Capital earmarked for Market Growth may be invested in the asset categories of Stocks, Bonds or Cash via the above mentioned investment vehicles, and is dependent on the current market environment and/or trend. When not invested in US stocks, consideration may be given to alternative investment classes and/or categories based on their respective economic fundamentals and/or technical prospects for growth.
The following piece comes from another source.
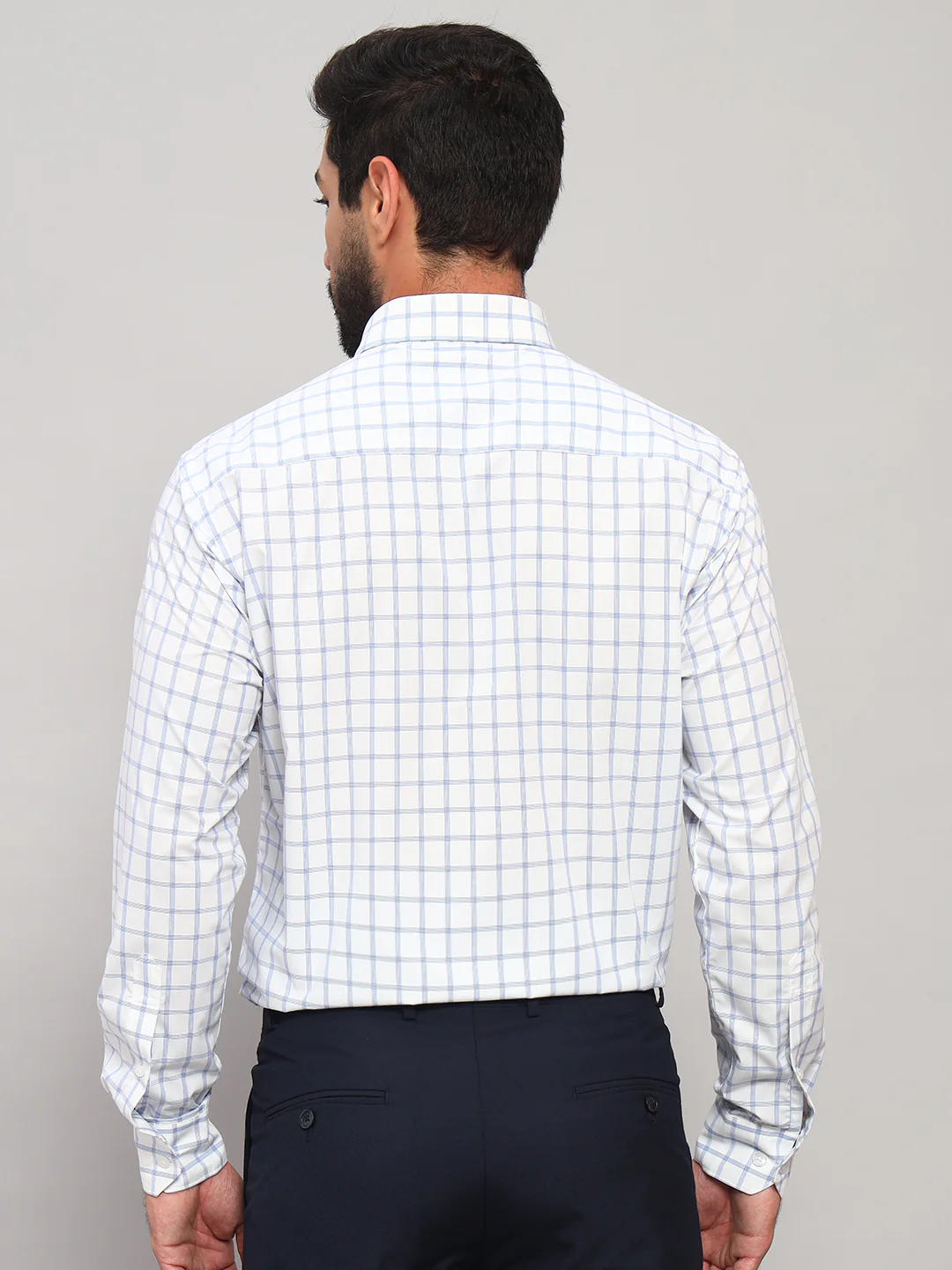 Formal Shirt for Men l Breathable & Soft with Color Fastness Regular Fit Spread Collar Neck Poly Cotton Fabric Checkered Pattern - Image 3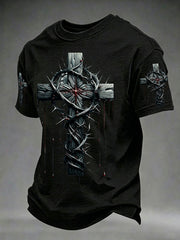 Men's Christian Cross O-neck Short Sleeve T-shirt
- SCG Aggressive Growth TIPS
For investors seeking to further enhance investment returns as compared to that of SCG Market Growth TIPS each calendar year. Investment choices consist of mutual funds that are leveraged by fund management to move at twice the pace of a specific market index. Buy and sell decisions are made using SCG Aggressive Growth TIPS. Capital earmarked for Aggressive Growth is either invested in a single stock index fund, or a bond/cash money market fund.
Income:
Capital earmarked for Income is needed to pay the investor a specified amount of money now. Capital may only be invested in Annuities, Cash or Bonds where the primary objective is principal protection. Typically, investors will choose to establish a Cash Reserves or an Equivalent type of account. This account must be repeatedly replenished with enough Reserves to pay the investor an income over an elected installment period, usually in 6 month to one year increments. This allows the investor to free up their remaining capital for Growth or Preservation management if so desired.
Preservation:
Capital earmarked for Preservation is typically invested in either Bonds or Cash where the primary or secondary objective is principal protection, preservation and/or stability. Alternative investment vehicles, such as Annuities, that provide a specified level of insurance protection may also be considered. When investing in Bonds, it is important that investors identify principal protection as a primary or secondary objective. Bonds are debt instruments which are subject to varying degrees of credit risk. More important, Bonds may decrease in marketable value in a rising interest rate environment.